Class TextStatisticsTagger

  • All Implemented Interfaces:
    IXMLConfigurable, IImporterHandler, IDocumentTagger

    public class TextStatisticsTagger
    extends AbstractCharStreamTagger
    implements IXMLConfigurable

    Analyzes the content of the supplied document and adds statistical information about its content or field as metadata fields. Default behavior provide the statistics about the content. Refer to the following for the new metadata fields to be created along with their description.

    Statistic fields
    Field name Description
    document.stat.characterCount Total number of characters (excluding carriage returns/line feed).
    document.stat.wordCount Total number of words.
    document.stat.sentenceCount Total number of sentences.
    document.stat.paragraphCount Total number of paragraph.
    document.stat.averageWordCharacterCount Average number of character in every words.
    document.stat.averageSentenceCharacterCount Average number of character in sentences (including non-word characters, such as spaces, or slashes).
    document.stat.averageSentenceWordCount Average number of words per sentences.
    document.stat.averageParagraphCharacterCount Average number of characters in paragraphs (including non-word characters, such as spaces, or slashes).
    document.stat.averageParagraphSentenceCount Average number of sentences per paragraphs.
    document.stat.averageParagraphWordCount Average number of words per paragraphs.

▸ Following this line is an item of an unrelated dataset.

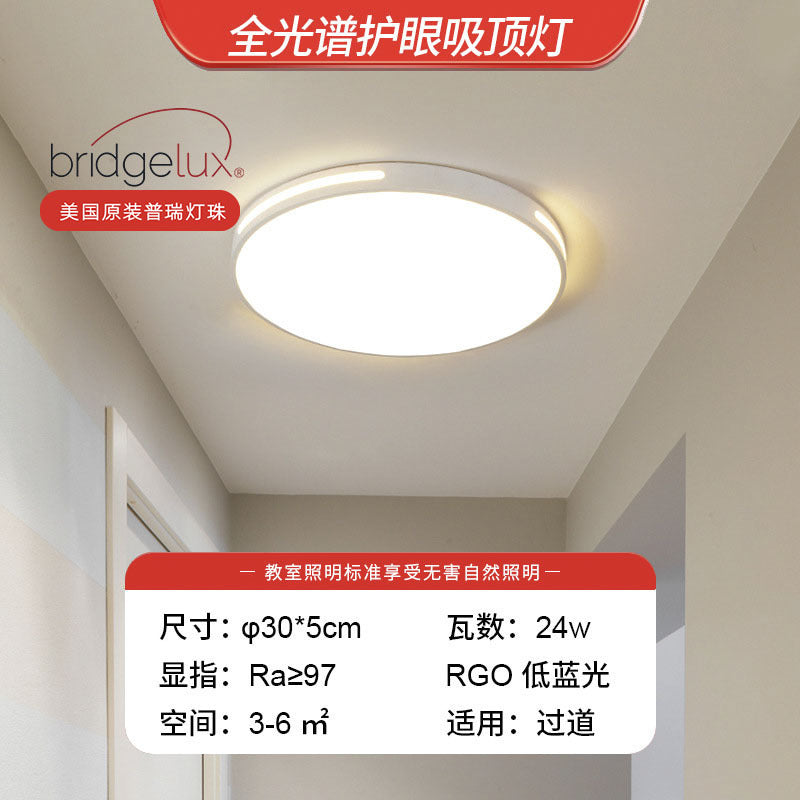 2025 New Living Room Lights Main Lighting Combination Whole House Package Ceiling Lights Daquan Modern Simple Atmospheric Headlights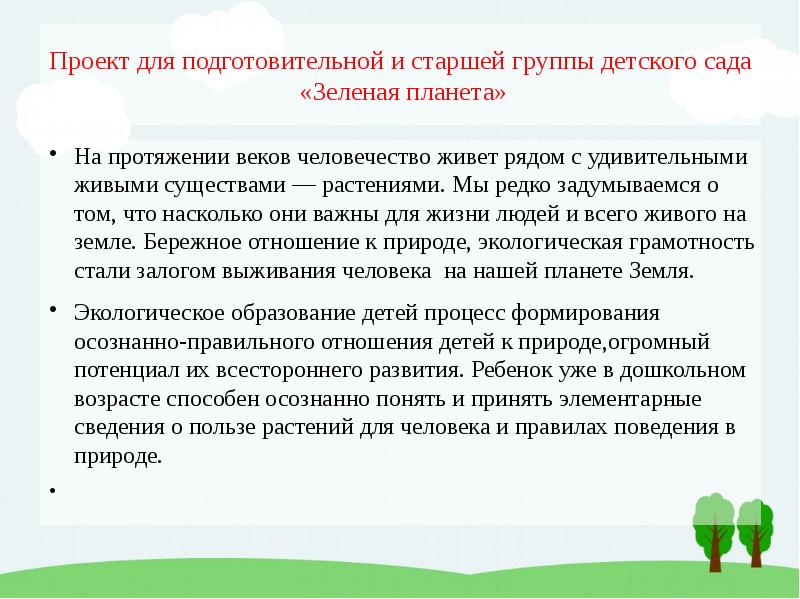 Презентация отчет о проделанной работе воспитателя подготовительной группы за год по фгос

    You can specify a field matcher to obtain statistics about matching fields instead. When you do so, the field name will be inserted in the above names, right after "document.stat.". E.g.: document.stat.myfield.characterCount

    Can be used both as a pre-parse (text-only) or post-parse handler.

    XML configuration usage:

    
    <handler
        class="com.norconex.importer.handler.tagger.impl.TextStatisticsTagger"
        sourceCharset="(character encoding)">
      <!-- multiple "restrictTo" tags allowed (only one needs to match) -->
      <restrictTo>
        <fieldMatcher>(field-matching expression)</fieldMatcher>
        <valueMatcher>(value-matching expression)</valueMatcher>
      </restrictTo>
      <fieldMatcher>
        (optional expression matching source fields to analyze instead of content)
      </fieldMatcher>
    </handler>

    XML usage example:

    
    <handler
        class="TextStatisticsTagger">
      <fieldMatcher>statistics</fieldMatcher>
    </handler>

    The above create statistics from the value of a field called "statistics".

    Since:
    2.0.0
    Author:
    Pascal Essiembre